▶ **TASK INSTRUCTIONS**
From the entries below, reproduce exactly the line containing "Custom Silicone Material", the line containing "Lush gardens of S'Hort del Rei Park", and every line in between, with nothing added.

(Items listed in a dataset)
****
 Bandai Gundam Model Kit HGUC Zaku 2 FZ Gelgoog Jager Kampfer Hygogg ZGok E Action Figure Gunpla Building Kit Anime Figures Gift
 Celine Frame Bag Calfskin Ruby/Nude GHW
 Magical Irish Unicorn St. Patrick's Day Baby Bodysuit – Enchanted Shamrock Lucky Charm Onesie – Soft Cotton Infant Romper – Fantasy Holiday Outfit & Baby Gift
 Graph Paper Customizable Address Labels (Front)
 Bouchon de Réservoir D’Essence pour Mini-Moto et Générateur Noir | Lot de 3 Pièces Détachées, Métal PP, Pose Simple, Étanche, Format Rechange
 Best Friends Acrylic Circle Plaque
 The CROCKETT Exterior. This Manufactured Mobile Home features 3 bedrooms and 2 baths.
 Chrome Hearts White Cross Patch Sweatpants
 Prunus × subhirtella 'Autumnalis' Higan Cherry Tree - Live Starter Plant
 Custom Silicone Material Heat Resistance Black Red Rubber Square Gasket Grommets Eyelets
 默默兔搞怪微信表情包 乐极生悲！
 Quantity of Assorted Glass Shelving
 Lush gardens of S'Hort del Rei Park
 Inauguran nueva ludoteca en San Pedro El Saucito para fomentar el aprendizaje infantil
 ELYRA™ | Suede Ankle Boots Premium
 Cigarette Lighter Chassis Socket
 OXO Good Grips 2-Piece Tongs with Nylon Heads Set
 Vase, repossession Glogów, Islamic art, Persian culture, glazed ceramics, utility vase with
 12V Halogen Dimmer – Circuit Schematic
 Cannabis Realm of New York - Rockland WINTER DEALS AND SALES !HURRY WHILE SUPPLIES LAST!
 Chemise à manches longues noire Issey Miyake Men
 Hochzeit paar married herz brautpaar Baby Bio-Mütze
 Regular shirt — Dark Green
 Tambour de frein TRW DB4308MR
****
▶ **TASK OUTPUT**
 Custom Silicone Material Heat Resistance Black Red Rubber Square Gasket Grommets Eyelets
 默默兔搞怪微信表情包 乐极生悲！
 Quantity of Assorted Glass Shelving
 Lush gardens of S'Hort del Rei Park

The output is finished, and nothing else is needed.